This is an alternative chess board representation. The information contained in this page has been copied from here. Be careful, the information might not be correct or complete. This page only gives you an overview of this type of chess board representation.

Inspired by Huffman coding, chess positions can be represented with bit patterns in such a way that more common board elements (empty squares and pawns) are stored with less bits than less common board elements:
Empty square = 0
Pawn = 10c
Bishop = 1100c
Knight = 1101c
Rook = 1110c
Queen = 11110c
King = 11111c

Where c is a bit representing the color of the piece (1 = LIGHT, 0 = DARK).

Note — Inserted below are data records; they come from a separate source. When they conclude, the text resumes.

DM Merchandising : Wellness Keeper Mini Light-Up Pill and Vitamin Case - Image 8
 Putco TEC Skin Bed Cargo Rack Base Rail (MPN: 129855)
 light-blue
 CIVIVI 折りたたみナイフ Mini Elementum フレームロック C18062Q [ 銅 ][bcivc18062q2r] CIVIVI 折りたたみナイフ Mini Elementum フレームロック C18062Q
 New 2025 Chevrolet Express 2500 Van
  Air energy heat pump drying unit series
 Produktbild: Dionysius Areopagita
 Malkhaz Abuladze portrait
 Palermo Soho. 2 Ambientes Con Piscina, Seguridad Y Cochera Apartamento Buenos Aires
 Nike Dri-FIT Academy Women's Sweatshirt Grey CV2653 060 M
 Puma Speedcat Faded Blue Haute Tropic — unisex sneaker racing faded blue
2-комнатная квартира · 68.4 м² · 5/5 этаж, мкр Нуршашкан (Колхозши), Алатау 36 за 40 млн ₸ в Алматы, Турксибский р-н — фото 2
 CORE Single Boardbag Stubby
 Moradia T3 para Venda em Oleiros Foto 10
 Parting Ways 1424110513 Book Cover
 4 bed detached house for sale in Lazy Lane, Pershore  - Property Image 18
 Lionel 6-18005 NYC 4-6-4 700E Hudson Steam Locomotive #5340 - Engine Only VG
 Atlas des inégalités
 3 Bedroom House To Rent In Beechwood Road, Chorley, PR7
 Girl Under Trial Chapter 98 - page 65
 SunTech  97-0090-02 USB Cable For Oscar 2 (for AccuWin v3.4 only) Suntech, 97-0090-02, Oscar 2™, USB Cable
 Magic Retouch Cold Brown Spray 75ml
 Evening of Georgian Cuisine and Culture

Additional bits are needed for:
50-move rule (7 bits)
en-passant column (4 bits)
color to move (1 bit)
castling rights (4 bits).


Huffman encoding schemes allow a complete board state (starting position) to be represented in just 23 bytes.

For the fifty rule move, a number representing one of 101 possibilities is needed: a pawn was just moved or a piece just captured, a pawn was moved or a piece was captured 1..99 moves ago, or a pawn was moved or a piece captured 100 or more moves ago. This fits in 7 bits.

Any board may have a maximum of 5 seemingly en-passant-capturable pawns. Thus a number representing one of 6 possibilities is needed. This fits in 3 bits.

Trailing empty squares can be omitted. If the last piece is a king, it can by definition be omitted without loss of information, saving six more bits in some cases. The en passant column is only needed when an opportunity seems to exist. Castling rights need be stored only for those rooks for whom it seems permissible.

With the above, a complete board state can be represented in a maximum of 25 bytes (actually 24 and 3 bits extra).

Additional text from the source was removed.